Your Mobile Deposits Are Actually Being Invested
Banks invest the money we deposit in our checking and savings accounts. Yes, you read that correctly. Money deposited in your checking account doesn’t actually sit there waiting for you to come back. The balance you see when you log-in to check your accounts is accurate, but your bank is actually putting your money to work.
Here’s how: You deposit a $1,000 check into your account. The bank will probably keep $100 on hand (known as the reserve), and invest or loan out the other $900. This practice is called fractional reserve banking. Makes sense, right? A fraction of your banking accounts are kept in reserve.
Hmm, Is That Safe?
Yes. There are rules around the amount needed in reserve, which are set by The Federal Reserve (The Fed). A small portion (say, about 10%) of cash is kept on hand for withdrawals.

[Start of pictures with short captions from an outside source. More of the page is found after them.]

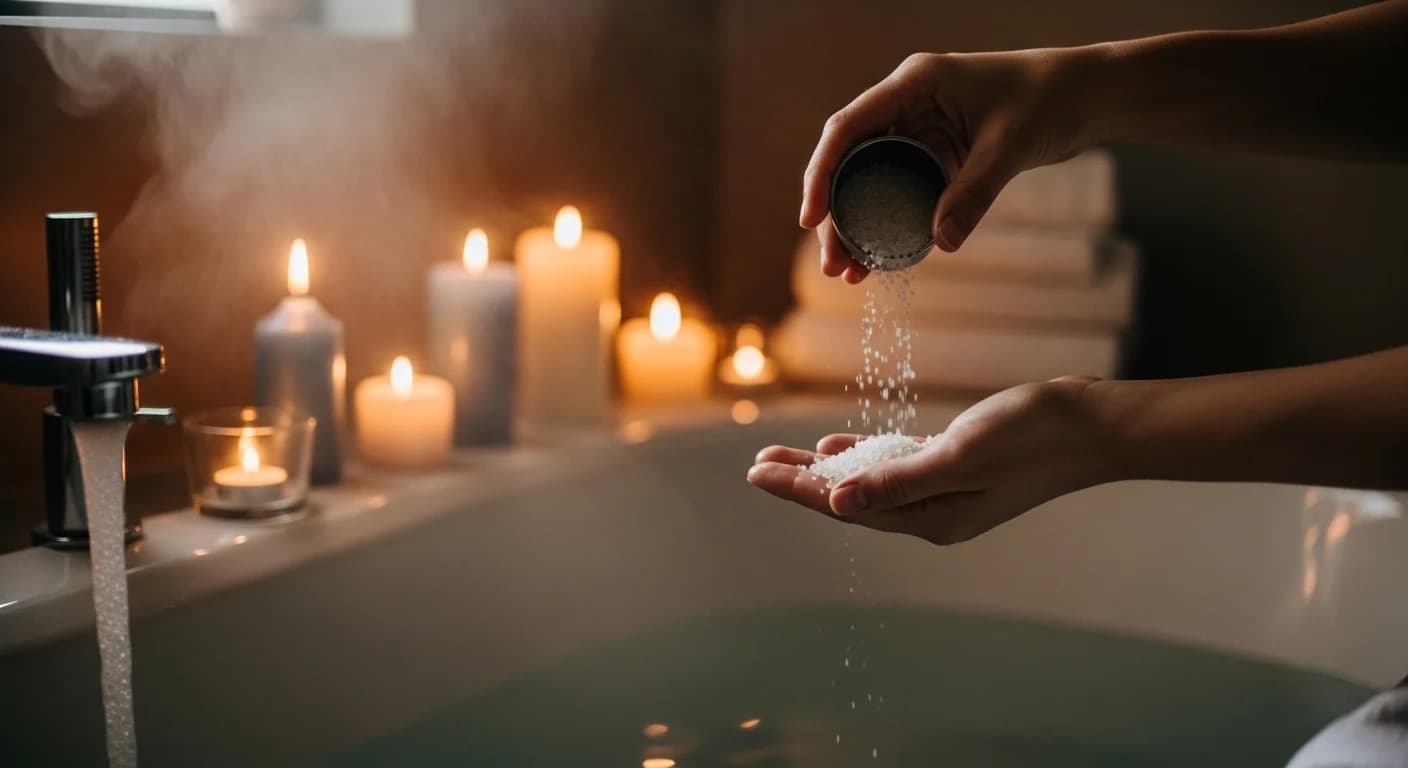 Person sleeping peacefully with magnesium supplement support for quality rest and muscle recovery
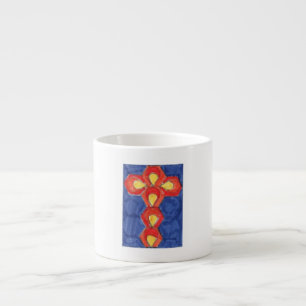 Cross Motif Espresso Mug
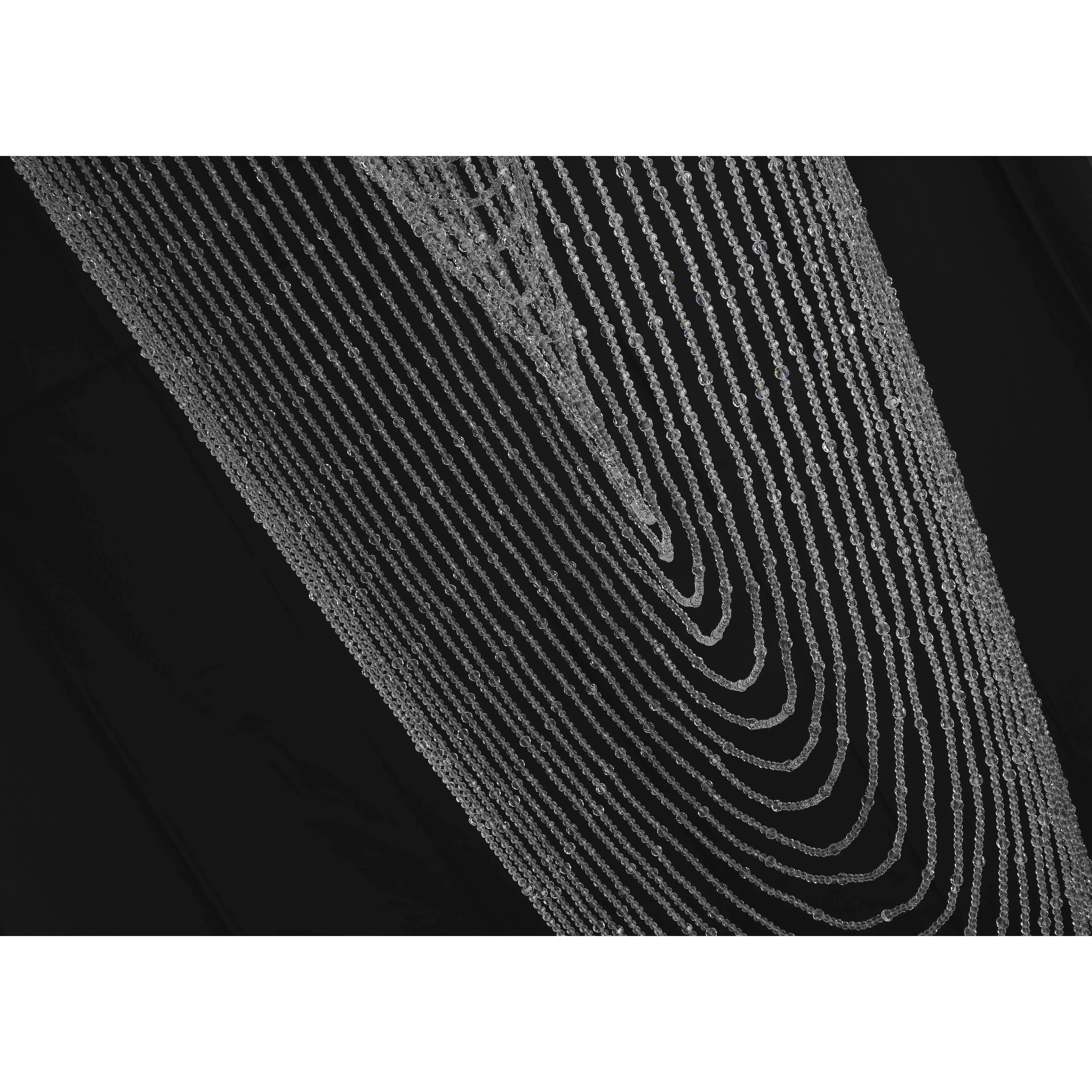 Canada 12 Light 31.5 inch Chrome Chandelier Ceiling Light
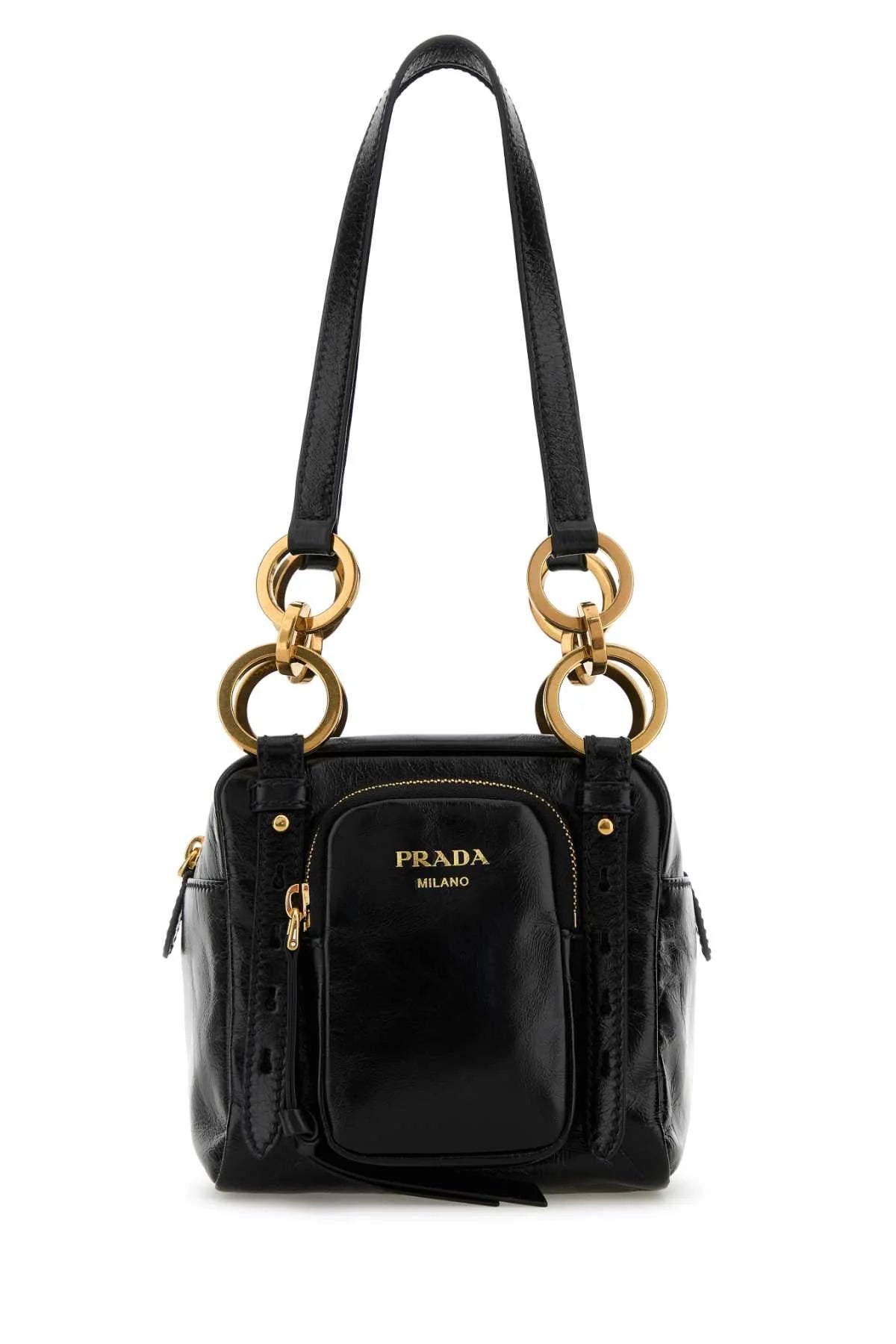DANGLE LEATHER BOSTON BAG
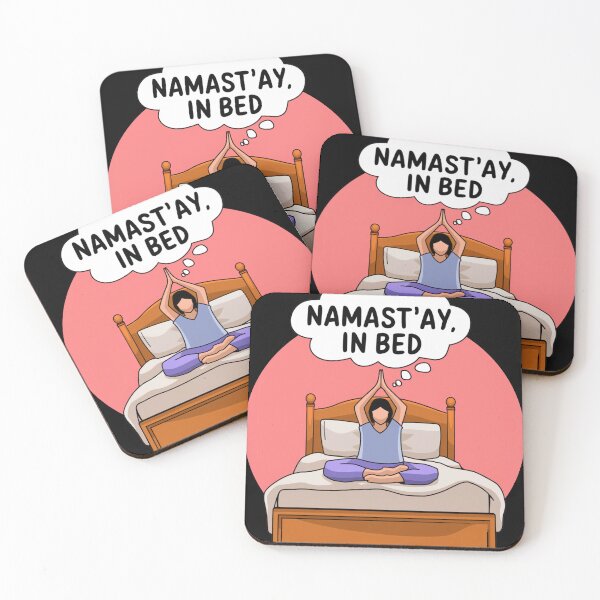 Item preview, Namaste in bed funny yoga humor for yoga instructor designed and sold by Angie-Atelier.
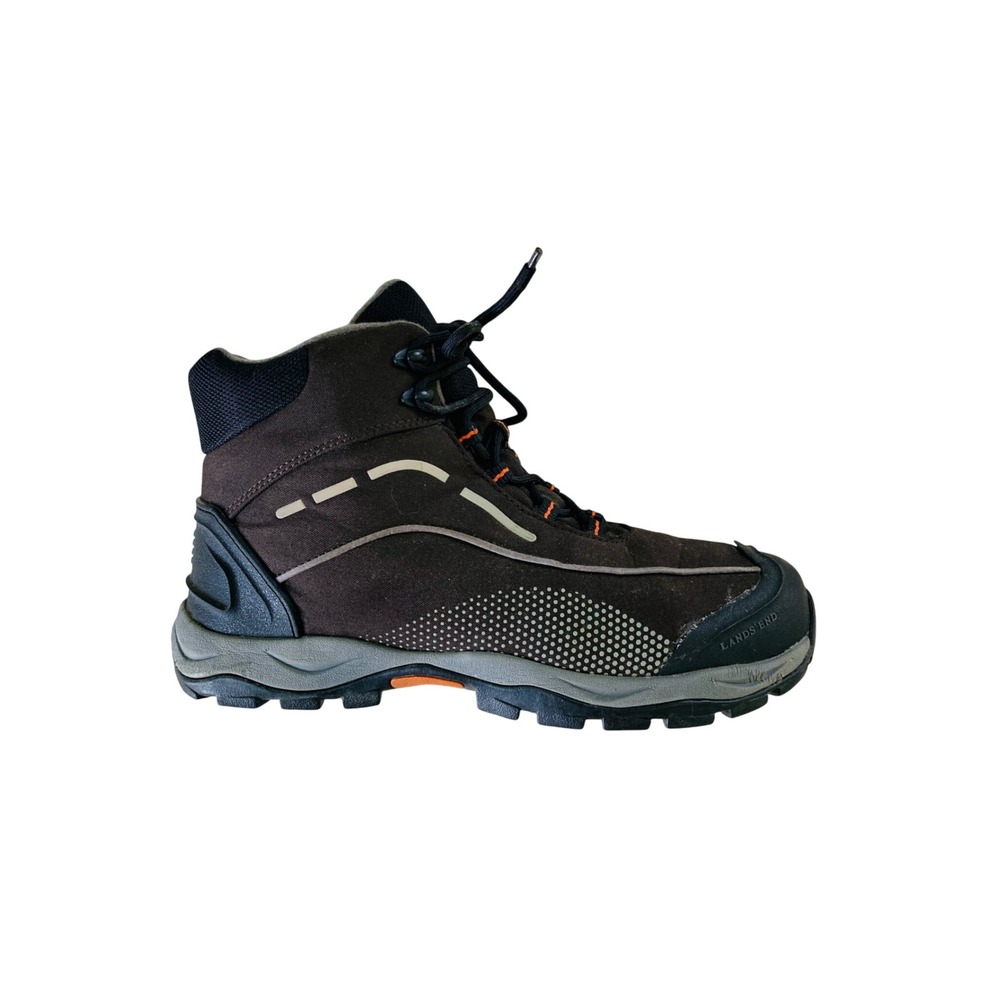 Lands' End Mid Ankle Hiking Boot 305940 Brown Insulated Cold Weather (Size 9.5)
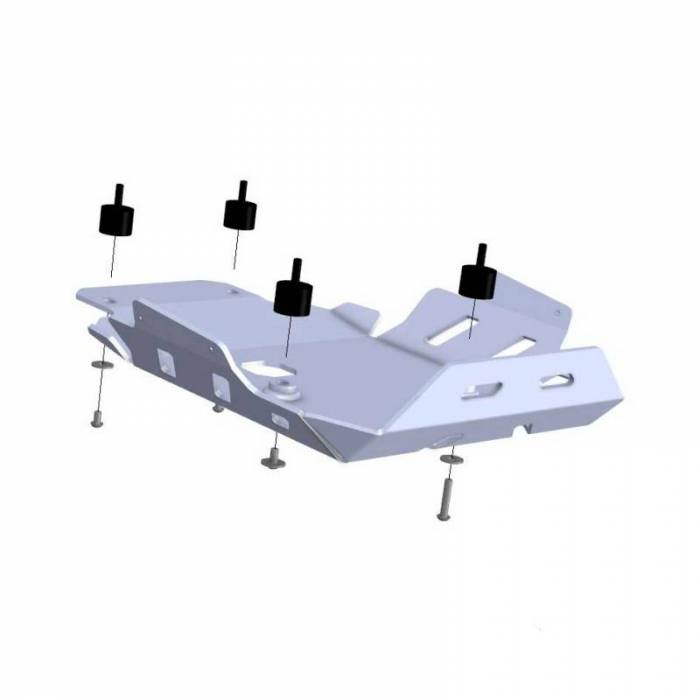 Cubrecarter Aluminio Crosspro BMW  R 1150 GS Adventure 02-06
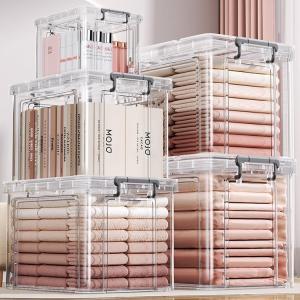 Transparent Reinforced Large Capacity Storage Box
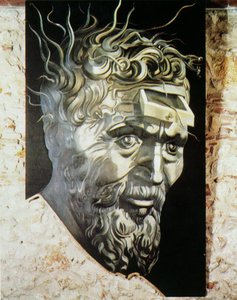 Untitled (michelangelo Head With Drawers), Circa 1970 — Salvador Dalí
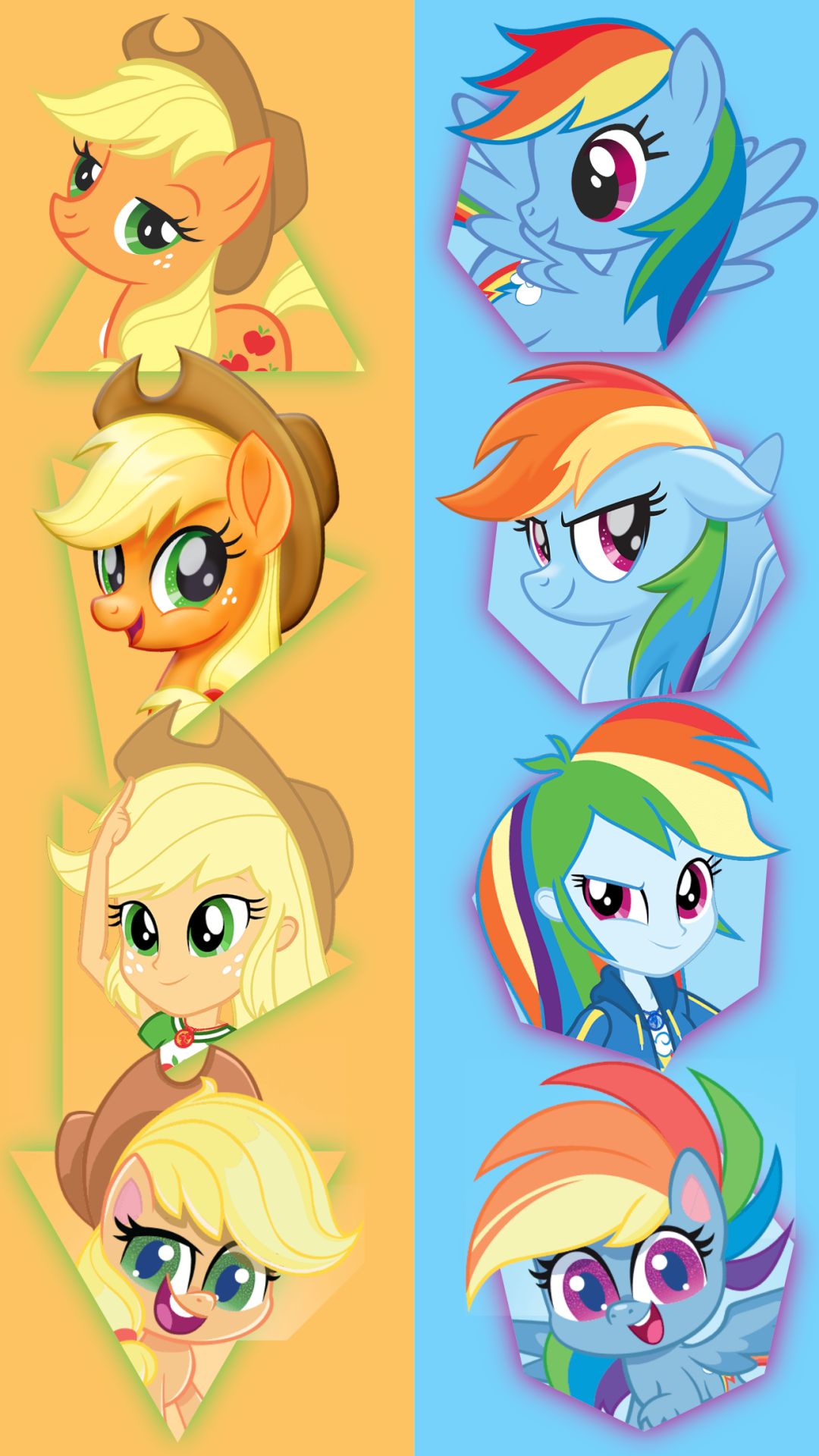 Melhores papéis de parede de My Little Pony: Equestria Girls para tela do telefone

Maybe your economics or social studies teacher showed you the bank run scene from It’s A Wonderful Life to help you understand this. The scene explains that when people lose faith in the bank, and every client goes to cash in their entire account, a bank would be in trouble. They don’t have enough money on hand to cash out everyone’s entire account that day. But they have enough for you to live for the next month or two.
What Are They Investing In, Anyway?
The investments banks make range from mortgages (to you, your neighbors, regular people), loans to other companies, short-term debt investments… you get the picture. As a ‘thank you’ for borrowing your deposits, you receive payments in the form of interest on your account.
Since interest rates on mortgages and loans has been incredibly low in recent history (hovering around 4%), that’s also why the amount of interest paid to you is minimal. In 2017 the average savings account interest rate was 0.06%.
Which leads to the question: If your bank is investing your money for you, why shouldn’t you take some of that and invest it for yourself?
For the Occupy Wall Street folks: First, I urge you to read Why Wall Street Matters. Then take some time to think about what earning 0.06% on your dollars, vs earning 6% on your dollars will do for you in the long run. There are multitudes of socially responsible ways to invest, which I’ll cover soon.
For those terrified of another crises: Start by understanding compounding interest and the wage gap. Investing small amounts over time has proven to be a good long term strategy. [See also: Ellevest, which will make getting started with this a breeze.]
I recently came across a story of a young woman who hadn’t started investing. She was a few years away from turning 30, and had a sizable savings account. No 401(k) or other personal investment accounts. As I pondered why someone that age would need north of $30,000 in savings, it hit me that her bank was investing her money anyway.
All she was getting was a few measly getting pennies for it. And she was really doing herself a disservice by keeping all her cash in a low interest savings account, instead of putting some money to work in an investment account.